I followed your instruction and completed the process on my Rhododendron Straight Wrist natural.

I've posted a new picture on my NC RHODO Build log. I believe that I got great results following your instructions

Thanks

Bill


----------



## Bill Hays

Good video Nathan.
It's my choice for tutorial winner.

People have asked why so many of the jeans I wear on video have a hole in the right thigh.... now you know! I hold the work piece I'm sanding or working right there and the jeans just wear out at that spot... My Wife has told me numerous times to throw and old towel or piece of leather on there to pad... I seem to always forget when in the creative mood. So I've got like 10 pairs of right thigh worn jeans!


----------



## Flatband

Wonderful job Nathan! Excellent video and "How To" on the tough and very time consuming "CA" finish. Flatband


----------



## WILD BILL

Flatband said:


> Wonderful job Nathan! Excellent video and "How To" on the tough and very time consuming "CA" finish. Flatband


DIDO!


----------



## quarterinmynose

Great tutorial, I just completed my first CA finish with the assistance of this video. Man, was that a lot of work! Absolutely stunning finish though, you get out what you put in.


----------



## LVO

quarterinmynose said:


> Great tutorial, I just completed my first CA finish with the assistance of this video. Man, was that a lot of work! Absolutely stunning finish though, you get out what you put in.


 Do we get to see it or is receiver posting pics?
can't wait to see that!


----------



## quarterinmynose

LVO said:


> Great tutorial, I just completed my first CA finish with the assistance of this video. Man, was that a lot of work! Absolutely stunning finish though, you get out what you put in.


Do we get to see it or is receiver posting pics?
can't wait to see that!
[/quote]I just sent it off to its new home today, I am itching to post some pics, but must wait until it arrives. I wouldn't want to spoil the new owners surprise.

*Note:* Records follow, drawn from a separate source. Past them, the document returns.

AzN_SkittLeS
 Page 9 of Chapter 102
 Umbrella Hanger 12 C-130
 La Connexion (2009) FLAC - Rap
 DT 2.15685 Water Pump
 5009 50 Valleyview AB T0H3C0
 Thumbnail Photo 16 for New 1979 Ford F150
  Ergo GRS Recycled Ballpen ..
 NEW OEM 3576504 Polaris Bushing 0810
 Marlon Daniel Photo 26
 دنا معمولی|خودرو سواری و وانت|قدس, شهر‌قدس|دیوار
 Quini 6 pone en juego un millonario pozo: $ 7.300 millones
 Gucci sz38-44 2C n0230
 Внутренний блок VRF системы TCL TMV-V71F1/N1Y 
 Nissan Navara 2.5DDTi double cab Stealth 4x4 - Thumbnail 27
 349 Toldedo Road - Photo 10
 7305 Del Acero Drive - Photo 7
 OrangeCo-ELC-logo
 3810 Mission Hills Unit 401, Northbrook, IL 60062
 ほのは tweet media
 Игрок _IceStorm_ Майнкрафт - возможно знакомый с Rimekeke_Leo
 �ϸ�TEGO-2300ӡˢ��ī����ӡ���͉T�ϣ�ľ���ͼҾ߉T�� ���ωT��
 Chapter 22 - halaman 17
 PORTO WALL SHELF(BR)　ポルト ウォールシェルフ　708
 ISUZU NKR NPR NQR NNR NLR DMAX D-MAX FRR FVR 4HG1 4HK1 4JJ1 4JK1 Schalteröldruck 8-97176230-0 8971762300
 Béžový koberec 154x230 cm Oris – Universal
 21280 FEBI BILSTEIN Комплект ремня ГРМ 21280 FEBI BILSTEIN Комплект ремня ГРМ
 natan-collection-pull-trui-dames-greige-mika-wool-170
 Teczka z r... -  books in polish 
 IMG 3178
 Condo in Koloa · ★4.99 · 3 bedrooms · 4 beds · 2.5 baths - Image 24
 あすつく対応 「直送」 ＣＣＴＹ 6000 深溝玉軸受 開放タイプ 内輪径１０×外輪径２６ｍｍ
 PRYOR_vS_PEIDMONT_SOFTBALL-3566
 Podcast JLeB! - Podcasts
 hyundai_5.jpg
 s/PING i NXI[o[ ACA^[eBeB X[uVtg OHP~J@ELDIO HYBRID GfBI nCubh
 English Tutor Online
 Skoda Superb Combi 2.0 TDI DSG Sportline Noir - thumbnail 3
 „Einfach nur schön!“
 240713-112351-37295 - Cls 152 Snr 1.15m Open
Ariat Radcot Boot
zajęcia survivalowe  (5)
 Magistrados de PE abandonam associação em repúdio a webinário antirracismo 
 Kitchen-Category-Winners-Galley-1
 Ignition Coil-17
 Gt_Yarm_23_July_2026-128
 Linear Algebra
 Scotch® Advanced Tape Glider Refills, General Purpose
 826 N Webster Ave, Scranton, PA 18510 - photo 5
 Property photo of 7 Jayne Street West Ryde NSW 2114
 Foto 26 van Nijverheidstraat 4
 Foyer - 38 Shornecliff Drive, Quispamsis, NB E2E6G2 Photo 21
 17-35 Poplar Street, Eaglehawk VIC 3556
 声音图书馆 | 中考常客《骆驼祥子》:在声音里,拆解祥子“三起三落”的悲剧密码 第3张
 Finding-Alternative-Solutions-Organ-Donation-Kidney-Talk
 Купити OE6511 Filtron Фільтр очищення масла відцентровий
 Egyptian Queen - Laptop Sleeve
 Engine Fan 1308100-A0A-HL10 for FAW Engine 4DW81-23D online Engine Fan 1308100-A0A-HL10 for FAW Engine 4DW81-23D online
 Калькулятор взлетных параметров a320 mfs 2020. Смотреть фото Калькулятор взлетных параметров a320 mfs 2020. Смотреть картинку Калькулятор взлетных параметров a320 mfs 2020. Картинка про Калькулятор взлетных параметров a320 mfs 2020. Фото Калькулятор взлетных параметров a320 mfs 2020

...more on topic with this thread though, It seemed to me as I finished the 600grit wet sand that there was still a nice haze to the finish. Not scratched or anything, more like an eggshell kinda sheen. Was this the intended result with the process? It was beautiful, and classy, but this being my first go with CA I just wanted to see how far I could push it. I wet sanded all the way out through 2500, hit it with a quick/light buff, and the thing shines like glass. I think the eggshell kinda result would seem more appropriate on most slingshots, I was just curious if this was the intention.


----------



## ifix

i will add








i suggest cleaning the piece your covering with acetone prior to applying the glue. it cleans up oils or other contaminants that will turn the glue cloudy. you can also use acetone after you apply the glue to even it out after the first coat.


----------



## LVO

I didn't have any 400 or 600 so I skipped a few steps and went to 0000 steel wool. I can't argue with the way Nathan does it, so I will be getting those soon. People are always amazed when you tell them you used super glue!!


----------



## Grandpa Pete

flippinout said:


> I have had a lot of folks ask me how we get the CA finish so shiny, deep and clear. It is simply patience, practice, and the willingness to commit to the process.
> 
> I have created a tutorial on how we do the CA finish on FlippinOut Slingshots and you will see that it is not difficult, just time consuming and tedious.
> 
> Enjoy


Wow. I am impressed. Never would have thought you could use super glue like that. I would have thought that you would end up with a nice SS permanently attached to your hand! By the way that slingshot in the video is soooo beautiful.....FlppinOut!


----------



## kwinpr

Great info - thank you for sharing!


----------



## Wuyang

Hi all, I can't see any video to watch just a load of lines of random text..... Any clues......its not just this video happened to a couple.

Thanks


----------



## flippinout

Wuyang said:


> Hi all, I can't see any video to watch just a load of lines of random text..... Any clues......its not just this video happened to a couple.
> 
> Thanks


Likely your browser or computer. This particular video is functioning properly.


----------



## Wuyang

flippinout said:


> Wuyang said:
> 
> 
> 
> Hi all, I can't see any video to watch just a load of lines of random text..... Any clues......its not just this video happened to a couple.
> Thanks
> 
> 
> 
> Likely your browser or computer. This particular video is functioning properly.
Click to expand...

Thankyou.....I'll get the other half to check it out, I'm not that up on technology........ Although I do know it's an iPad if that makes a difference or not.


----------



## Popcorn

Since moisture from the hand causes white spots in the finish when first applying the CA, I bet a full nitrile glove on the 'holding' hand would prevent that from happening.


----------